HM : Dans un conflit comme celui-ci, une des stratégies des pouvoirs publics est de diviser l’opposition et de faire apparaitre une partie des opposants comme étant infréquentables. Il nous appartient de ne pas tomber dans ce travers que certains médias et les défenseurs du projet alimentent. Sans jamais faire l’éloge d’une quelconque violence, il parait toutefois nécessaire de préciser certaines choses : il y a tout d’abord eu une provocation à donner l’autorisation de commencer le chantier alors que l’enquête publique avait donné un avis défavorable. Par ailleurs des propos haineux sont tenus par les défenseurs du projet contre les opposants. Durant la manifestation des Pro-Center Parcs on a pu lire sur une des pancartes : « Zadistes, les Chambarans c’est pas ton pays ». Beaucoup d’élus reprennent ces propos à leur compte et même les suscitent : n’a-t-on pas entendu Alain Cottalorda, président du Conseil général, dénoncer avant même le début des travaux, les « extérieurs qui décident pour un territoire qu’ils n’habitent pas » ? Qu’on ne s’étonne pas ensuite de voir les élus PS manifester avec ceux du Front National… Ce monsieur n’a pas seulement fustigé les indésirables étrangers : dans un discours provocateur, il dénonce aujourd’hui à la tribune devant des centaines d’élus favorables au projet, les actes de sabotage visant à arrêter le chantier comme étant du terrorisme. Les socialistes vont-ils nous refaire le coup de Tarnac ? Les mots ont leur importance et cet amalgame n’est pas innocent… Devant toutes ces provocations et ces violences verbales, il n’y a eu pour l’instant aucun dérapage. Seuls les agents de sécurité ont fait usage de la force, en frappant violemment à coups de matraque des opposants cherchant à arrêter un chantier qui n’aurait jamais dû commencer.

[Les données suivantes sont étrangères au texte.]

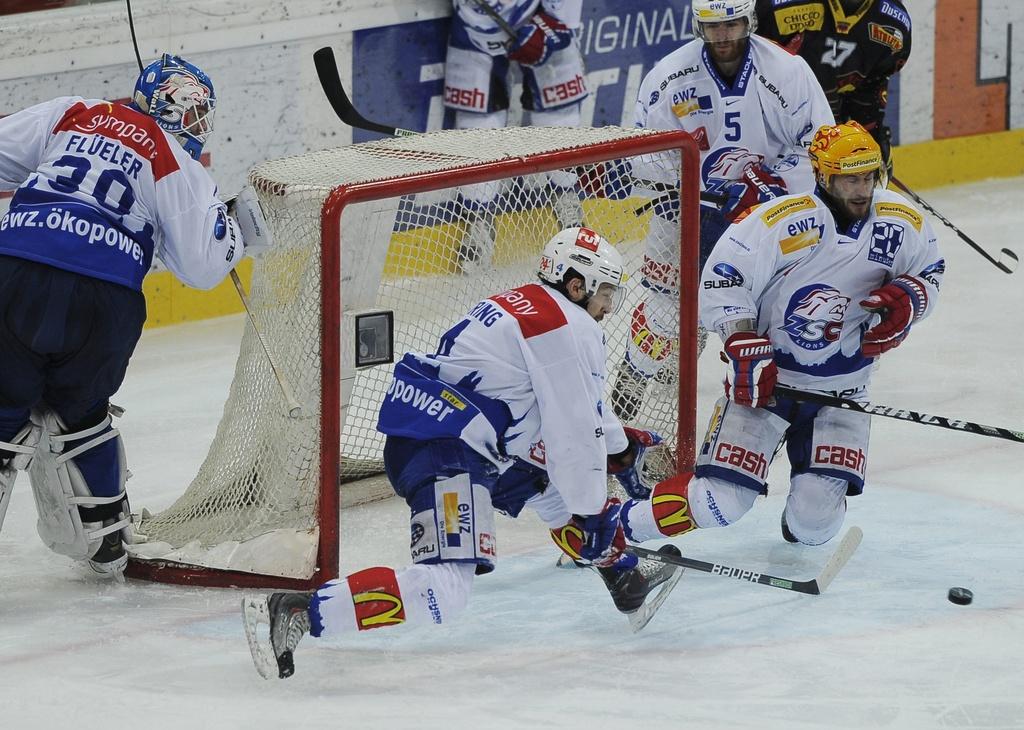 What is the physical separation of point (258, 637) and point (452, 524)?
41cm

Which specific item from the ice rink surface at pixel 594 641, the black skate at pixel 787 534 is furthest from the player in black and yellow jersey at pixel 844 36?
the black skate at pixel 787 534

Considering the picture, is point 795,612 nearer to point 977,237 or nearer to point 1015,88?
point 977,237

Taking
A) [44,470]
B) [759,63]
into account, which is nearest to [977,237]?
[759,63]

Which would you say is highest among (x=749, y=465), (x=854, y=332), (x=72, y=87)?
(x=72, y=87)

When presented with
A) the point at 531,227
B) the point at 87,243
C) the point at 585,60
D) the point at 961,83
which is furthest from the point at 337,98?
the point at 961,83

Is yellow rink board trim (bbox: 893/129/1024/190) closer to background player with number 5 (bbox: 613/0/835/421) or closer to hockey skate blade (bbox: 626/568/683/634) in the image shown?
background player with number 5 (bbox: 613/0/835/421)

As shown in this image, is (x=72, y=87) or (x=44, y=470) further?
(x=72, y=87)

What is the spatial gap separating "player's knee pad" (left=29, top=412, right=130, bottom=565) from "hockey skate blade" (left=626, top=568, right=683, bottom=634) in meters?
A: 1.12

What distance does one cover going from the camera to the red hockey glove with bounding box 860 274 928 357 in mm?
3846

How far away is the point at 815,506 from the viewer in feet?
13.0

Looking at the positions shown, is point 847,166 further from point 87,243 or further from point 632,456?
point 87,243

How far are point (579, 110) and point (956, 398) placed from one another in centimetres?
200

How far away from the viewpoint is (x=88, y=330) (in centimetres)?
355

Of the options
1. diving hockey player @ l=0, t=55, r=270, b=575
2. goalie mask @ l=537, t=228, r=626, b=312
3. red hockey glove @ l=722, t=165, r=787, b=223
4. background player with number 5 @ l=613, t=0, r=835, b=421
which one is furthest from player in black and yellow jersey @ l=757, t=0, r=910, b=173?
diving hockey player @ l=0, t=55, r=270, b=575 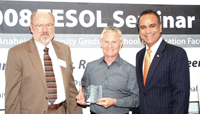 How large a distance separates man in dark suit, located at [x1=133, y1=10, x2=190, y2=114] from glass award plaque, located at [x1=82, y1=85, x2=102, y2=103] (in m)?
0.58

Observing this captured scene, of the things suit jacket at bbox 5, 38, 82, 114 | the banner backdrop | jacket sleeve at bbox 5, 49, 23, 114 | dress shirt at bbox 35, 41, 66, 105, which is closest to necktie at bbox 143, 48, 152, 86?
the banner backdrop

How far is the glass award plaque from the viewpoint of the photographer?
8.40 feet

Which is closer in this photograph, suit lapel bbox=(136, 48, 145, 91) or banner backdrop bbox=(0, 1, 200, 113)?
suit lapel bbox=(136, 48, 145, 91)

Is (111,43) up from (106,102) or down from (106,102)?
up

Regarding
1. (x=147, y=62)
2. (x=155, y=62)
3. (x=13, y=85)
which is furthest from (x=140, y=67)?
(x=13, y=85)

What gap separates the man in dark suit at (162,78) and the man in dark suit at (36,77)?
1.12 m

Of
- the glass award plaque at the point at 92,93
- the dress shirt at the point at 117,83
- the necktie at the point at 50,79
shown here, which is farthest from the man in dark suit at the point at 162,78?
the necktie at the point at 50,79

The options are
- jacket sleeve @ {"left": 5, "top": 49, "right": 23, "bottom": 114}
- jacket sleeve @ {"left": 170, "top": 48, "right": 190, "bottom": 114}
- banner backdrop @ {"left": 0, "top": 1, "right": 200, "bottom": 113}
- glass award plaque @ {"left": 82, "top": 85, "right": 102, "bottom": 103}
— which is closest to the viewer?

Ce conflit, au-delà du projet du Center Parcs, oppose deux manières d’aborder la situation actuelle. La première cherche irrémédiablement à continuer dans la voie désastreuse de l’économisme marchand qui broie la vie et les conditions sociales, crée du chômage et détruit l’environnement. La seconde espère pouvoir sortir de cette obsession du développement à tout prix et élaborer de nouveaux rapports humains et sociaux. Les ZAD sont des « territoires » que l’on cherche à protéger de la destruction, elles sont souvent des endroits où s’expérimente un autre futur.
(1) On parle souvent aujourd’hui de 1500 emplois durant les deux années de chantier. Mais lorsque le projet a été présenté en 2008, on parlait de 700 emplois sur le chantier. En septembre 2009 André Vallini alors président du Conseil général de l’Isère confirmait que le projet devait générer « 750 emplois pour sa construction » (cf. le Dauphiné Libéré, l’édition 38H du 19/09/2009). Comment sommes-nous passés de 700 ou même 750 à 1500 emplois pour la construction du Center Parcs ? Cela restera pour nous un mystère ! http://chambarans.unblog.fr/2009/09...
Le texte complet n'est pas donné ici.